◆ EXERCISE GOAL: With every picture left out, restate the listing below exactly as written.

***

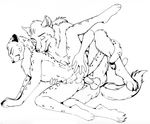 anal canine cheetah feline gay licking male nduli penetration penis tongue wolf 
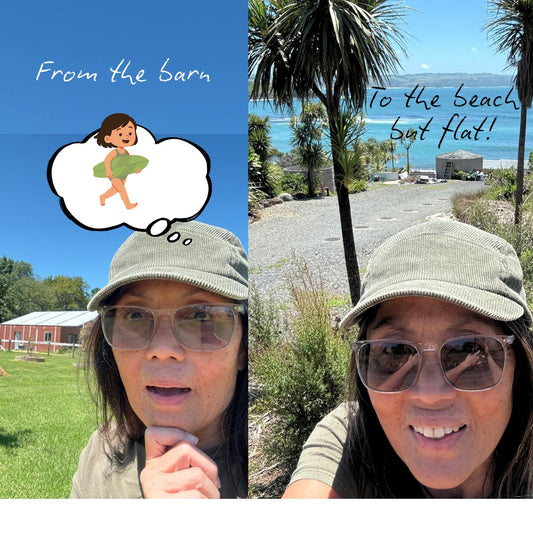 Well I needed a break from the barn today.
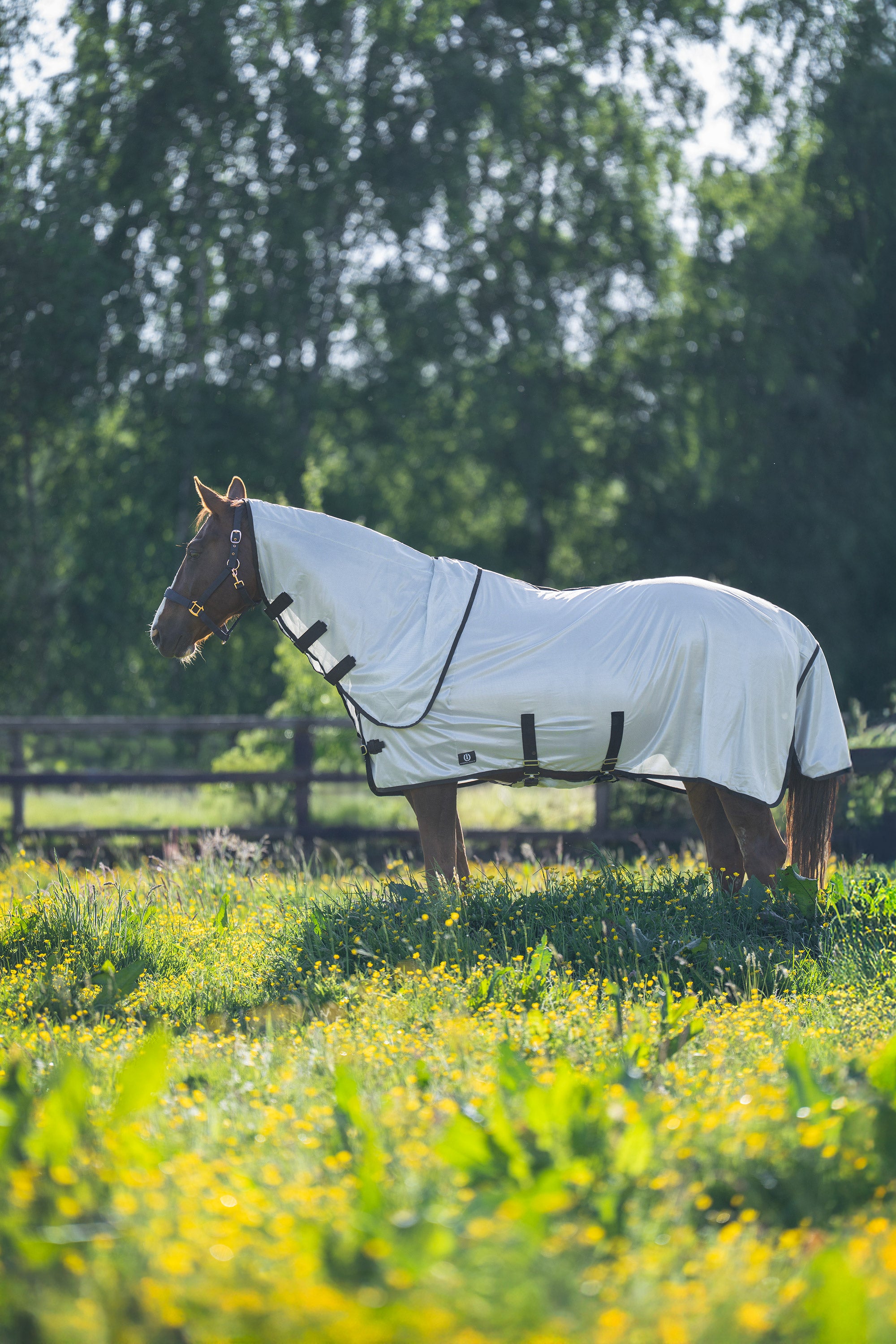 Fly blanket IRHReese Silvergrey / 215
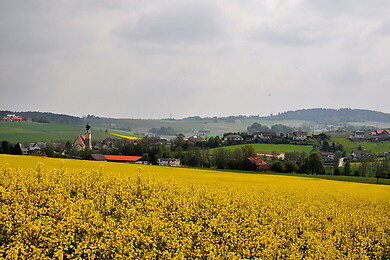 Treubach
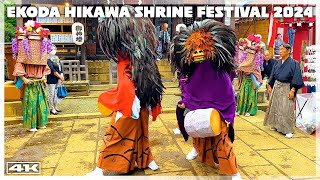 重さ6kgを超える大きな獅子頭!!【江古田氷川神社例大祭 2024】三匹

***

◆ RESPONSE BELOW:
 anal canine cheetah feline gay licking male nduli penetration penis tongue wolf 
 Well I needed a break from the barn today.
 Fly blanket IRHReese Silvergrey / 215
 Treubach
 重さ6kgを超える大きな獅子頭!!【江古田氷川神社例大祭 2024】三匹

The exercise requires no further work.